Also, might be a way to get a leg up on competitors who are using the same processors in wintel machines

mdavey
Nov 15, 2005, 01:43 PM
Hmm, could this patent mark the end of quoted CPU clock speeds in computer specifications?

I don't know about the G4 and G5 but many CPUs aren't manufactured with a definitive clock speed in mind - once they come of the production line, each unit or batch is characterised and their clocking frequency set with reisistors (typically the presence or absence of zero-Ohm jumpers).

There is often no component difference between, say, a 1.25GHz processor and its 1.67GHz counterpart, just that manufacturing tolerances meant that one batch dissipates heat a little better or consumes a little less power than another.

It sounds like this patent will allow CPUs to run at different clock frequences as long as a CPU temperature limit isn't exceeded. Which might mean that modders could upgrade the fan or heatsink to get better performance; and that sysadmins that locate their equipment in cool server rooms could get better performance. For modders that like to go to extremes (liquid nitrogen cooling, etc), the possibilities are near endless ;)

shamino
Nov 15, 2005, 01:48 PM
Software controlled clock speeds?

How is this different from what's done now? Right now, most processors are designed so software can reduce the speed to something less than 100%, as needed to power consumption.

This looks like the exact same thing, with only a change of the documentation. So instead of running at 100%, with reductions during idle time, you're normally running at 90%, with both increases and decreases from the baseline value.

This reminds me of the bit from Spinal Tap, about amplifiers going to eleven.

Qunchuy
Nov 15, 2005, 03:18 PM
How is this different from what's done now? Right now, most processors are designed so software can reduce the speed to something less than 100%, as needed to power consumption.

This looks like the exact same thing, with only a change of the documentation. So instead of running at 100%, with reductions during idle time, you're normally running at 90%, with both increases and decreases from the baseline value.
The difference is in the idea of a "sustainable" clock rate, and the invention is about the ability to exceed that rate for a limited amount of time when necessary. The abstract talks about being able to run at >100% for as long as it can deal with the increased power dissipation. It's not about saving power, it's about running as hard as it can at any given time without destroying itself.

shamino
Nov 15, 2005, 04:54 PM
The difference is in the idea of a "sustainable" clock rate, and the invention is about the ability to exceed that rate for a limited amount of time when necessary. The abstract talks about being able to run at >100% for as long as it can deal with the increased power dissipation. It's not about saving power, it's about running as hard as it can at any given time without destroying itself.
This is no different from any other software-controlled clock. They're just renaming what "100%" is.
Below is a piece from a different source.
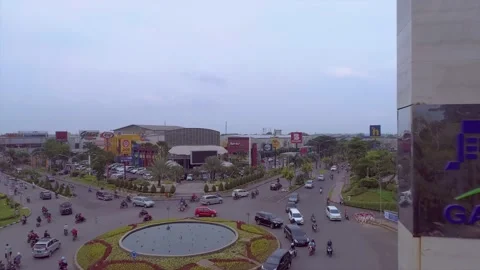 Established Shot of Galuh Mas Roundabout at Rush Hour Stock-Footage 168917341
What they're describing can be done right now. Take a 2.7GHz chip and overclock it to 3GHz. Now update the pre-existing Energy Saver code so that it drops down to 2.7 whenever it gets too hot for the cooling system to keep up with, and you're done.

As for what is "sustainable", with enough cooling, almost anything is sustainable. KryoTech made an entire business out of selling massively-overclocked PC's, using refrigerant/compressor-based cooling systems to keep it stable.

phelix_da_kat
Nov 15, 2005, 07:06 PM
I was thinking..

Apple is sometimes "clock and dagger" about submitting patents, until it is ready to be "used" in a product..
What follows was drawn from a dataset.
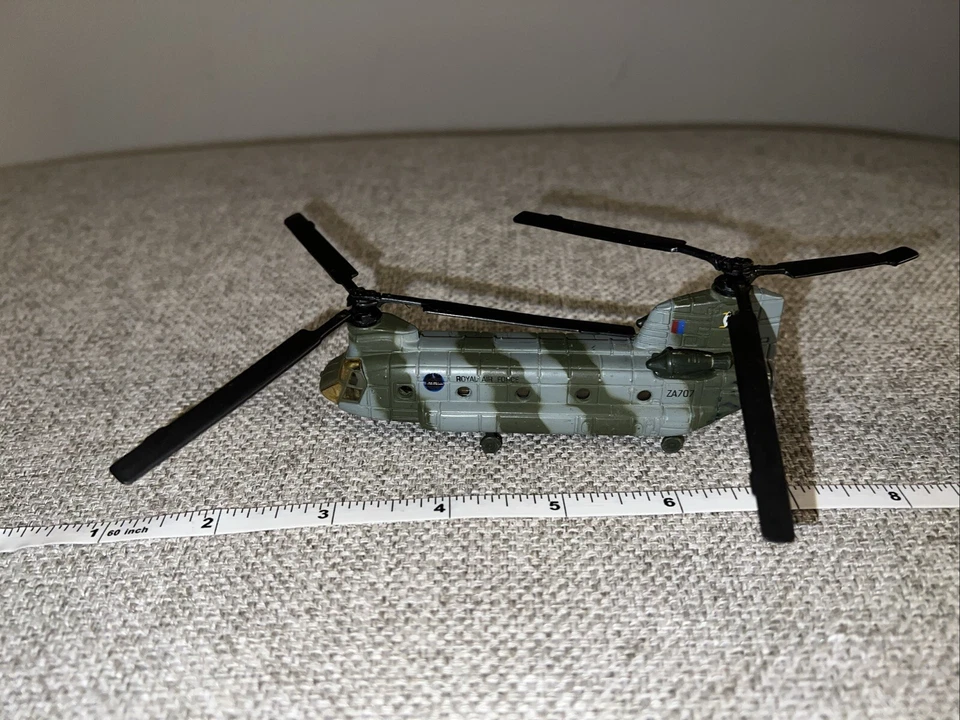 Helicóptero Maisto Humvee y Chinook CH-47 Royal Air Force Foto 2 de 4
Could this be one of Apple's ways of managing the temperature/performance of their new rumored laptops? :rolleyes:

Some_Big_Spoon
Nov 15, 2005, 08:21 PM
Must spring from all their expertise in overclocking the hell outta the G4 for all these years :cool:

mdavey
Nov 16, 2005, 10:51 AM
Must spring from all their expertise in overclocking the hell outta the G4 for all these years :cool:

Hmm. Any developers know if it is possible to overclock the G4 or G5 processors in the current Apple range, via software? That is, do those resistors provide a 'hint' to the Kernel or do they physically select the clock frequency such that the software has no control over the clock frequency at all?

Perhaps 10.4.3 implements this patent and that is why the fans go mad when the system boots or installs a software update - the OS is trying to complete the task as quickly as possible.

shamino
Nov 16, 2005, 12:08 PM
Perhaps 10.4.3 implements this patent and that is why the fans go mad when the system boots or installs a software update - the OS is trying to complete the task as quickly as possible.
Assuming there is no overheating situation going on at the time, this is probably due to the fan-control process running a too-low priority.

IIRC, the fan-control circuits in a G5 switch into high-gear whenever they stop receiving information from the OS. This is a fail-safe mechanism to prevent overheating in the event of a system crash. This is also why they race during bootup (because the fan-control software hasn't started running yet.)

If some CPU-intensive task isn't allowing the fan-control software enough time to run, that would also cause the fans to race, slowing down again once the software gets a chance to send another speed-control message to the fans. Ideally, this shouldn't happen, but it is possible because OS X is not a real-time OS.